→ Data shown:
********

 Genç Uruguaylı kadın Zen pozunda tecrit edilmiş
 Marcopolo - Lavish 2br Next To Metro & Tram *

********

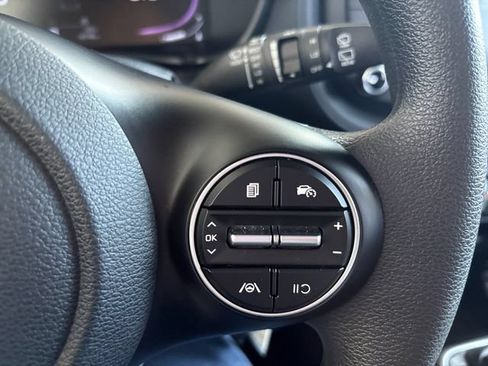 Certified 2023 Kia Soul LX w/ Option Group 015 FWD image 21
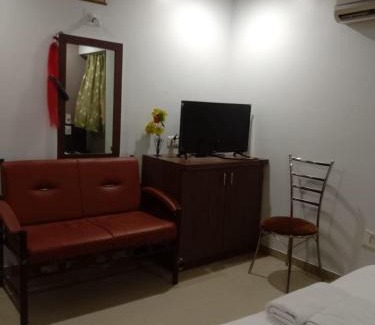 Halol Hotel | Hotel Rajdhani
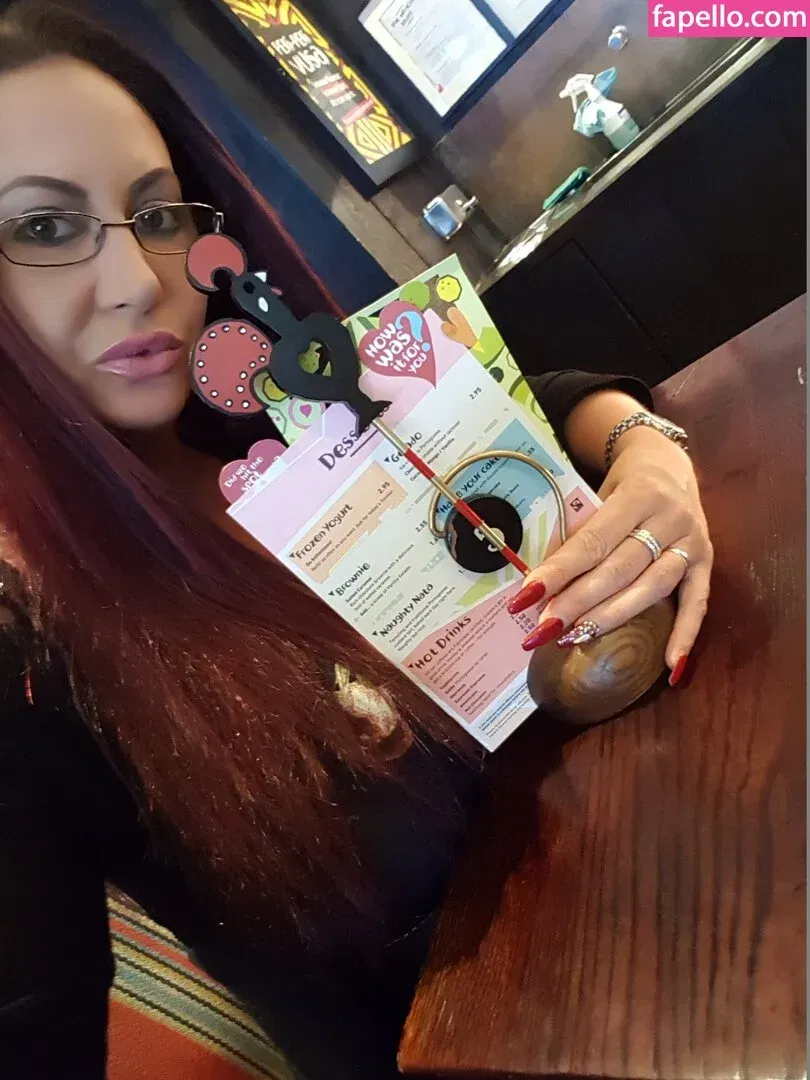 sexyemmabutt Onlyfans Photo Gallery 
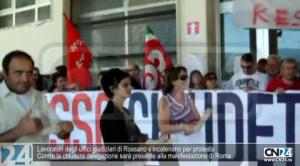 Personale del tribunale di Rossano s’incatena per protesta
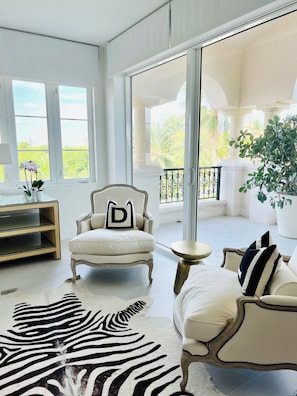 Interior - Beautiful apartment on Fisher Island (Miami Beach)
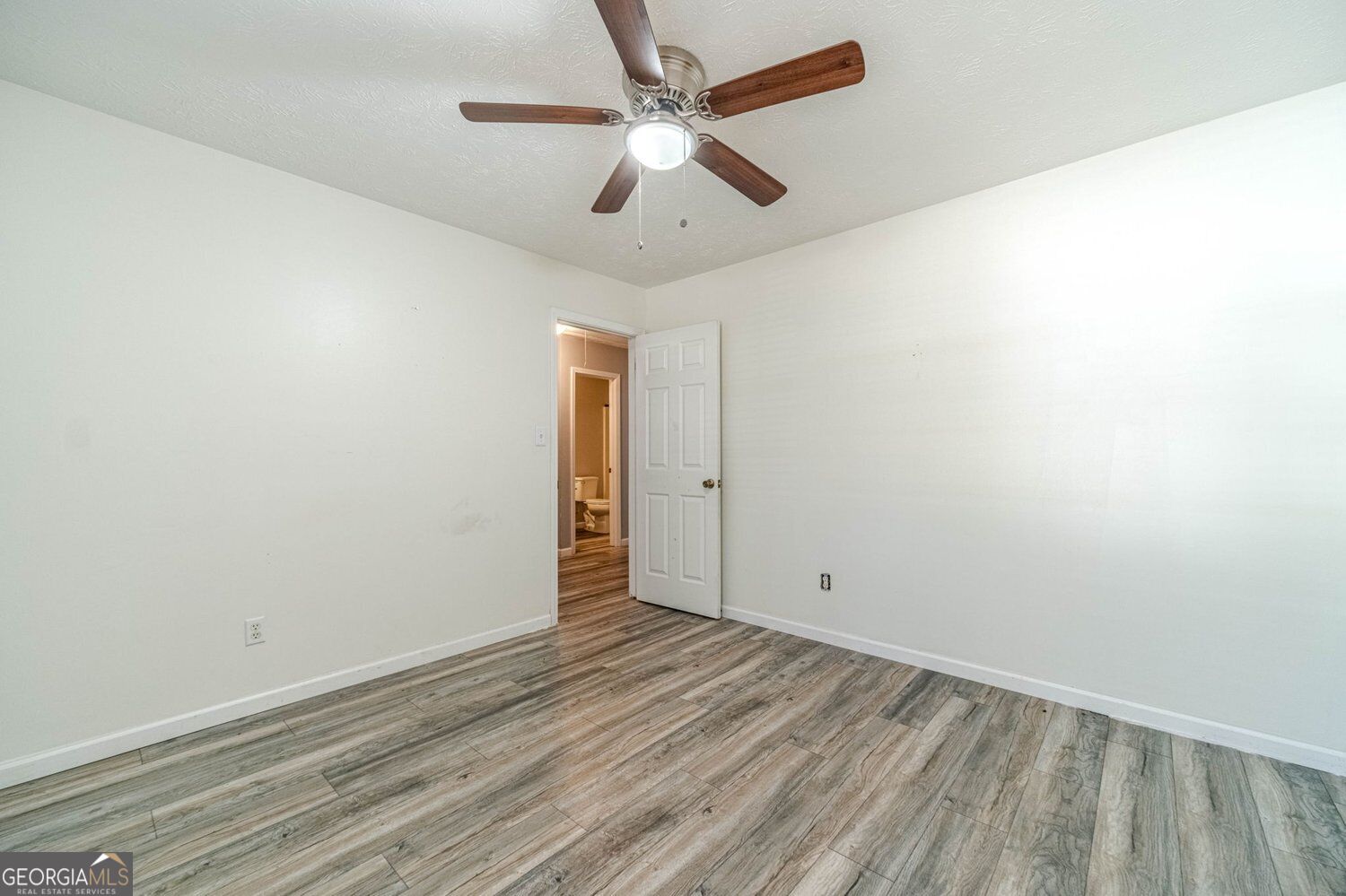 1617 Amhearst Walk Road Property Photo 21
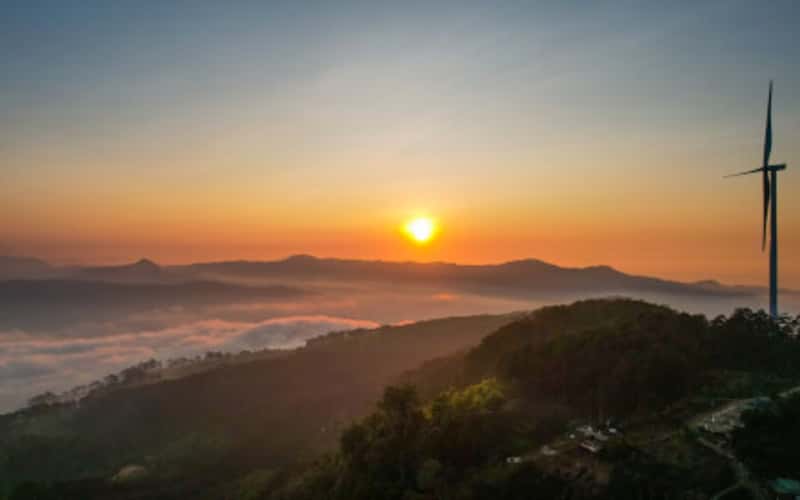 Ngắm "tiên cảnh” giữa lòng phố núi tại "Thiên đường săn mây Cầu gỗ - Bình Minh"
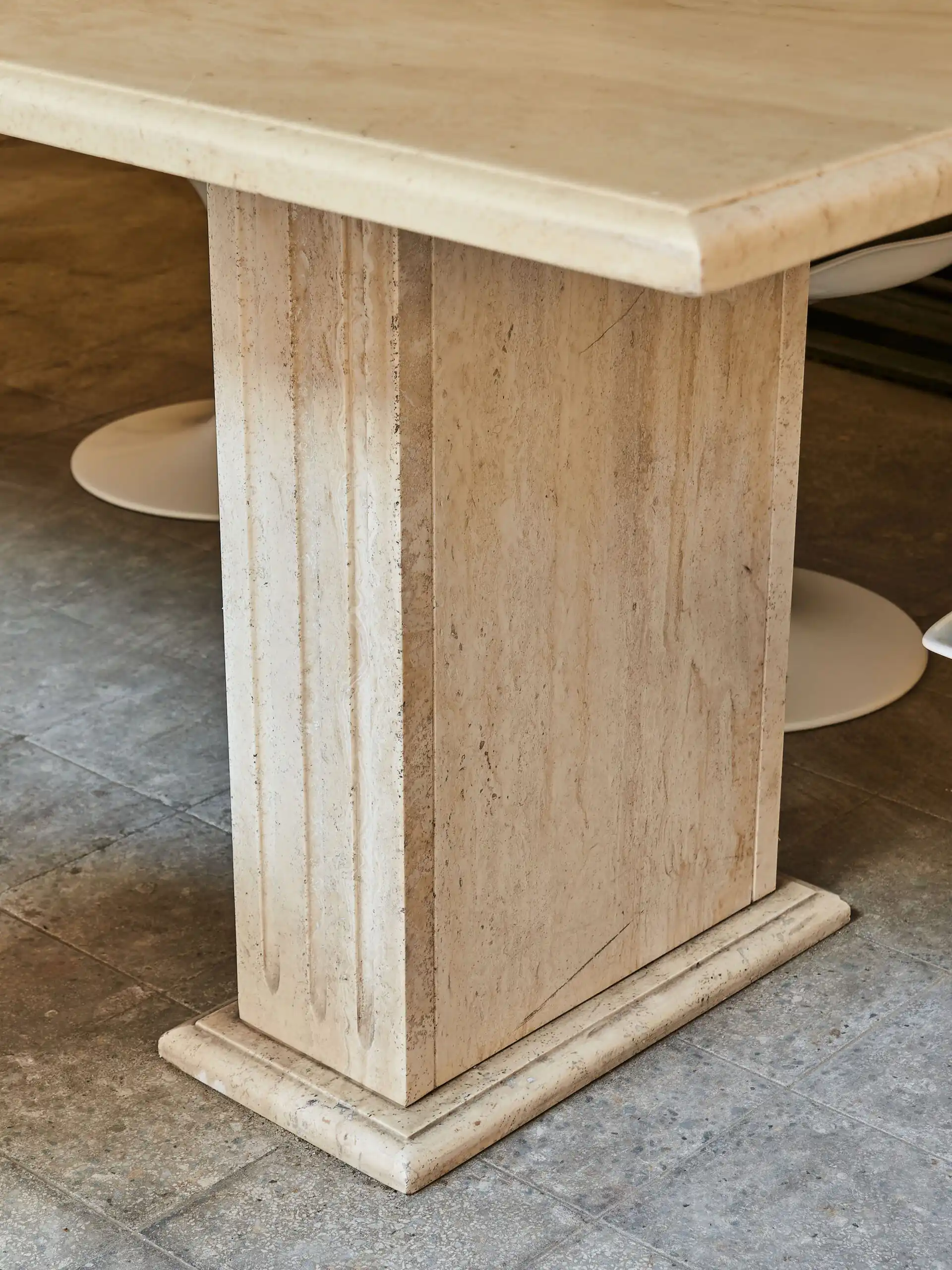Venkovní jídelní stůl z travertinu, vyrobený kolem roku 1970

********

→ What is being asked: Set the pictures aside and reproduce exactly the lines above, from the line holding "giữa lòng phố" through the line holding "Venkovní jídelní stůl", both included, with nothing else.

→ Solution to this problem:
 Ngắm "tiên cảnh” giữa lòng phố núi tại "Thiên đường săn mây Cầu gỗ - Bình Minh"
Venkovní jídelní stůl z travertinu, vyrobený kolem roku 1970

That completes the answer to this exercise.